[Supplied records — start]

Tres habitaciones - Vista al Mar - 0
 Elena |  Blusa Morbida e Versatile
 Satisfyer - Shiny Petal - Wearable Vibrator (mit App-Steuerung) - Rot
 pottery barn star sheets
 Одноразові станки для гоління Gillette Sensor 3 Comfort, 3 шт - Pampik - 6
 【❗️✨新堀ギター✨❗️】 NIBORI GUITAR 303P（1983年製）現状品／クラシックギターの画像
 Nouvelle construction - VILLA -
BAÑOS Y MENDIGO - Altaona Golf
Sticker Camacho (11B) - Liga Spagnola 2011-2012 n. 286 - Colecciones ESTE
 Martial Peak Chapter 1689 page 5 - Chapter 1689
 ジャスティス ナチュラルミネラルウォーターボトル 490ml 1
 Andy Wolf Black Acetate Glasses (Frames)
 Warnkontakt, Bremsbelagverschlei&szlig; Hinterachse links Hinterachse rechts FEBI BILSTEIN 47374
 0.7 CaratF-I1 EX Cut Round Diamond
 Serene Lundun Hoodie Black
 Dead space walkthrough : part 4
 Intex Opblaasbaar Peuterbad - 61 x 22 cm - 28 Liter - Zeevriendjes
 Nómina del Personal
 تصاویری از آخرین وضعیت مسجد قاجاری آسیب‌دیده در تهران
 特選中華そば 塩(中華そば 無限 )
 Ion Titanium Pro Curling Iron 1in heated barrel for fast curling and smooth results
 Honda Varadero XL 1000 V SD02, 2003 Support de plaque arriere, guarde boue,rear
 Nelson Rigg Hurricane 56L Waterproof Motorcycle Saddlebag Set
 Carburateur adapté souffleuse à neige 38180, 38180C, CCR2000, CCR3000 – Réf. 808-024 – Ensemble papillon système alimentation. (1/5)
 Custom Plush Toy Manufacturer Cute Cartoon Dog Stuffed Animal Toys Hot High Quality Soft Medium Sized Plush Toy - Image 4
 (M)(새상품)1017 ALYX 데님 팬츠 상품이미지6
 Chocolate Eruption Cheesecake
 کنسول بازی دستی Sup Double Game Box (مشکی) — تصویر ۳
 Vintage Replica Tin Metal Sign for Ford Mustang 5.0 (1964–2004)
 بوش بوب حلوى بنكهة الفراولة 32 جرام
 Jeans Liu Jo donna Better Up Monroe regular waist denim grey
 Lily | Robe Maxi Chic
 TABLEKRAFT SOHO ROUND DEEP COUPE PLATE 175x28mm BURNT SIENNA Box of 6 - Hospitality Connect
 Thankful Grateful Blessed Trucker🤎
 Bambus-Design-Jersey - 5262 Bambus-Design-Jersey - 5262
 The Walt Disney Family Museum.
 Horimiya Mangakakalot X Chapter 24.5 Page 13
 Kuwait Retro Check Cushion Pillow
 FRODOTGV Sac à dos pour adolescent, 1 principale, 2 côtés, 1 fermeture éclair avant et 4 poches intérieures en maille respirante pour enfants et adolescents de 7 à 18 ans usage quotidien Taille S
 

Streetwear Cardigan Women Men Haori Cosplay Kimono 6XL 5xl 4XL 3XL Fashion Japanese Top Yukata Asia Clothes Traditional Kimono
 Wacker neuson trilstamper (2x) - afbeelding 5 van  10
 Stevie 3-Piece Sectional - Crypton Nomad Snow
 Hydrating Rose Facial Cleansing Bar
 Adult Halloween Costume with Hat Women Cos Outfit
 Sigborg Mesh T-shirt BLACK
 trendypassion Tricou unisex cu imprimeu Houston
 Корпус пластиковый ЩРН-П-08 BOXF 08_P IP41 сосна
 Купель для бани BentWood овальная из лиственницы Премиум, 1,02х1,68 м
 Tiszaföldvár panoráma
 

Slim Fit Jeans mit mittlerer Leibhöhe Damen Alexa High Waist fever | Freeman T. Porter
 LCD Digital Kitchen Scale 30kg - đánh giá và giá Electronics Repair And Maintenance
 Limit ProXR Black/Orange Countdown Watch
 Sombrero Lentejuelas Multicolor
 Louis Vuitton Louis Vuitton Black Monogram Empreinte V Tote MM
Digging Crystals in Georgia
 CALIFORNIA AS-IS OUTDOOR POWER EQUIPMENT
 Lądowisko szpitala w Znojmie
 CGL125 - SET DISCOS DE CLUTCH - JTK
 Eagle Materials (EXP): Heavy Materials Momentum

[Supplied records — finish]

Give the lines again, exactly as they stand, from the beginning of the data through the line with "Dead space walkthrough : part 4".

Tres habitaciones - Vista al Mar - 0
 Elena |  Blusa Morbida e Versatile
 Satisfyer - Shiny Petal - Wearable Vibrator (mit App-Steuerung) - Rot
 pottery barn star sheets
 Одноразові станки для гоління Gillette Sensor 3 Comfort, 3 шт - Pampik - 6
 【❗️✨新堀ギター✨❗️】 NIBORI GUITAR 303P（1983年製）現状品／クラシックギターの画像
 Nouvelle construction - VILLA -
BAÑOS Y MENDIGO - Altaona Golf
Sticker Camacho (11B) - Liga Spagnola 2011-2012 n. 286 - Colecciones ESTE
 Martial Peak Chapter 1689 page 5 - Chapter 1689
 ジャスティス ナチュラルミネラルウォーターボトル 490ml 1
 Andy Wolf Black Acetate Glasses (Frames)
 Warnkontakt, Bremsbelagverschlei&szlig; Hinterachse links Hinterachse rechts FEBI BILSTEIN 47374
 0.7 CaratF-I1 EX Cut Round Diamond
 Serene Lundun Hoodie Black
 Dead space walkthrough : part 4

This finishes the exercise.